The last time the mayoral control legislation expired, in 2009, lawmakers were unable to settle on revisions before the “sunset” deadline. They ultimately revised the law to limit the mayor’s power in a few relatively minor ways, such as by creating a public review process for when the city decides to close or move a school.

“I think that the opposition to mayoral control had to do, to a large extent, with groups that were battling reforms introduced by Mayor Bloomberg and his chancellor,” said Kathryn Wylde, head of the Partnership for New York City, a coalition of business leaders that was an early advocate of mayoral control.

But that doesn’t mean tackling the school governance law will be a cakewalk for legislators.

The legislative session, which begins in January, will offer opportunities for advocates to air their grievances about how schools in New York City are managed. Last year, de Blasio clashed with Gov. Andrew Cuomo and state senators over education, which led to an erosion of the mayor’s power when it comes to finding space for new and expanding charter schools.

Charter school advocates have spent $4 million supporting Senate candidates who could tip the balance for Republicans, according to Capital New York, and their top legislative priority will be to increase their numbers. State law permits 256 charter schools to open in the city, but only 28 charters remain unclaimed. Advocates are hoping to raise or eliminate that cap next year.

Complicating matters is that support for mayoral control in New York City doesn’t split neatly along partisan lines. In 2009, charter school backers, now de Blasio’s critics, were mayoral control’s most vocal supporters. Senate Democrats, now de Blasio’s allies, for a time stood in the way of a deal to renew mayoral control.

On this issue, some the fiercest critics of de Blasio’s education policy are finding themselves on his side.

“Mayoral control gives the district a fighting chance by wresting governance away from special interests, but it’s up to the mayor in power to lead the way forward for kids,” said StudentsFirstNY’s Jenny Sedlis.

And in a sign of remaining tensions, a number of de Blasio allies want a school structure that would wrest some control from City Hall.

Even some of de Blasio’s own PEP members say they want to see changes.
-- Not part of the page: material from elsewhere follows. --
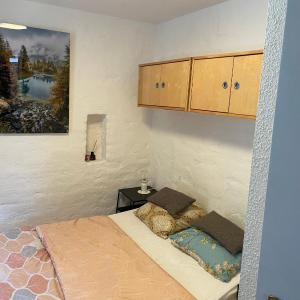 Studio in City Centre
Norm Fruchter, an education policy analyst and mayoral appointee to the PEP, said parents should be given some authority to approve school co-locations or closures that the city is proposing in their district.
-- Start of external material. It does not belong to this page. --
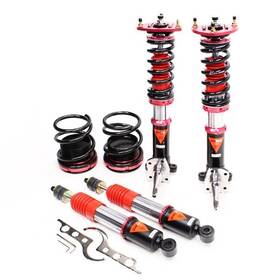65898 Godspeed Project Max Coilovers For Toyota Corolla 85-87 Ae86 65898 Godspeed Project Max Coilovers For Toyota Corolla 85-87 Ae86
Though de Blasio has made efforts to involve parents, “I think where the law is wrong is it eclipses any form of democratic decision-making at the local and neighborhood level,” Fruchter said.

Diane Ravitch, another supporter of de Blasio’s, said she wants to see a model in which the PEP, not the mayor, is the chancellor’s boss and the mayor can only select panel members who have been recommended by another independent body.

“The key issue is who appoints the chancellor and who can fire him or her,” Ravitch said.

As the issue inches into the spotlight, a remaining question is how outspoken de Blasio will be in support of mayoral control. As a city councilman, de Blasio praised the role that community school boards played in elevating the voice of parents before mayoral control. But as a candidate for mayor, he made it clear he didn’t want to see the mayor’s powers diluted and said he would only support tweaks to the law.

De Blasio hasn’t spoken publicly about the issue since taking office, and his office didn’t respond to questions about the city’s legislative priorities for renewing mayoral control.

But when the issue comes to the fore, there are signs that the administration will be ready. A top lobbyist for renewing mayoral control five years ago, Peter Hatch, is now a senior policy advisor to Deputy Mayor Anthony Shorris.

De Blasio will have to grapple with Democratic colleagues in the legislature. Assemblyman David Weprin of Queens is sponsoring a bill to strip the mayor of his power to appoint the schools chancellor and take away its supermajority on the Panel for Educational Policy. (The mayor appoints eight of 13 of the PEP members under the current structure; Weprin’s legislation would cut that number in half and require more appointees to be public-school parents.)

“It’s an institutional thing,” explained Weprin. “I don’t think you can do legislation based on one particular mayor.”